Turner Capital TQA ETF
See if you can answer Yes to any of the following questions:
Are you a non-US resident, but want to follow our Turner Quant Advantage model?
Do you have investment capital that is not tax-deferred?
Do you have less than the $250,000 minimum account size, but would like to follow the Turner Quant Advantage model?
Do you have less than the $100,000 minimum account size to work with Turner Capital?
Would you like to have a taxable portfolio ‘act’ like a buy-and-hold IRA, that follows the Turner Quant Advantage model; meaning that all capital gains are tax-deferred indefinitely*?
If you live outside the US, can you buy and hold US stock market equities, specifically ETFs, in your personal investment portfolio?
Would you like to follow the Turner Quant Advantage model inside your personal portfolio at your current broker (e.g., Fidelity, Schwab, e-Trade, Vanguard, InteractiveBrokers, etc.)?
* According to current tax laws
If you answered Yes to any of to any of the above question, then please read on...
We will be launching an ETF in the first quarter of 2021 that will follow our TQA (Turner Quant Advantage) model. While past performance does not guarantee future returns, the TQA model has had a stellar year. Even though this strategy is only a little over one year old, its approach to whipsawing markets and the potential of a massive bear market, is unmistakably impressive.
The TQA ETF holds up to 20, strong growth stocks in bull cycles, moves to cash in transition cycles and holds 2x-leveraged index inverse ETFs (that go up when the index falls) in bear cycles.
This ETF is “TAX EFFICIENT”.
Here is what this means…
When you buy a share of the ETF, the capital gains (and losses) incurred by trades executed inside the ETF, do NOT become a taxable event for shareholders; even if the shares are purchased with non-tax deferred capital. When you buy a share of the ETF, your basis is set for that share and when you sell the share, you will be incurring a capital gain or loss, depending on the price at which you sell the share. The very good news is, you can hold the ETF for more than a year and then be taxed (according to now present US laws for US citizens) at a long-term capital gains rate.
The opening day pricing is set at $25.00 per share, but will re-price continuously based on the demand for shares and the NAV (net asset value) of the holdings inside the ETF.
In fact, you will be able to defer taxes on this ETF until you sell your shares. This is an incredible way to participate in an actively traded model that has the goal to grow capital in BOTH bull AND bear markets, without incurring an annual tax consequence on the profits generated in the trading of securities held in the ETF. In a managed account structure, trading results (gains or losses) are realized gains/losses for the client; but, not for shareholders of the ETF. Any gain (or loss) in the share price of the ETF is considered "unrealized" until you sell your shares.
This means you can ‘virtually’ turn your non-tax-deferred capital into a tax-deferred investment. You only incur a tax when you sell the shares of the ETF at a price that is higher than your basis.

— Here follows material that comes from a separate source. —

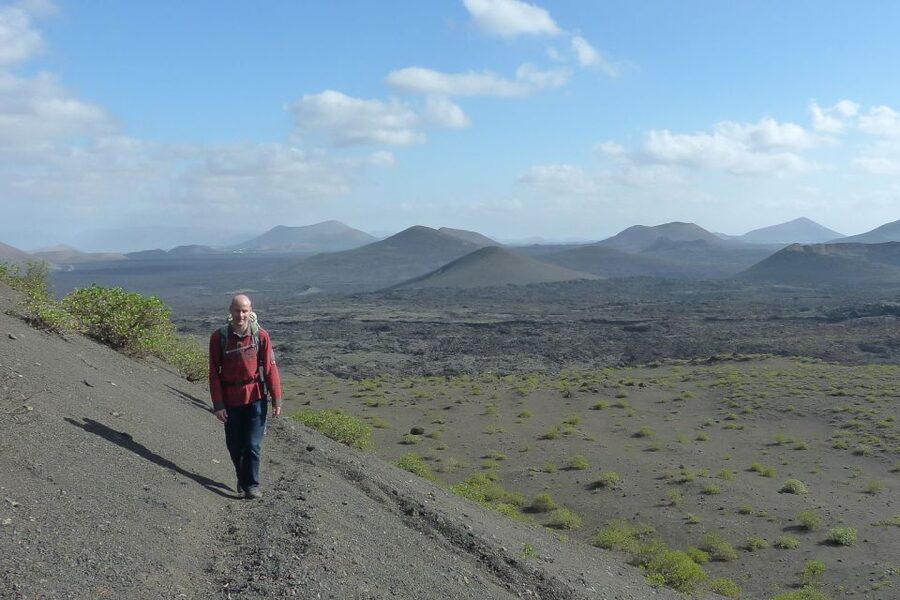 Lanzarote: Guided Volcano Hike with Transfers - Key points to know before booking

This ETF is NOT a Turner Capital managed account.
This means you do not have to be a client of Turner Capital. You do not have to have an account that we manage. You do not have to move your money from your current favorite brokerage to TD Ameritrade. The ETF will be a publicly traded Exchange Traded Fund, just like any other ETF… except that it will be managed just like we manage the current TQA model. It will be the ONLY ETF of its kind and you can follow it with a little as one share or as many shares as you want to take advantage of the growth and tax advantage.
You can participate in this ETF from anywhere in the world as long a your broker will allow you to hold publicly-traded US equities in your account. This is an especially important capability for our Canadian friends. We have many Canadians who want Turner Capital to manage their money, but since Turner Capital is not registered in Canada, we cannot. But, that hurdle is easily overcome if your broker permits you to hold US equities in your personal portfolio, wherever you live in the world.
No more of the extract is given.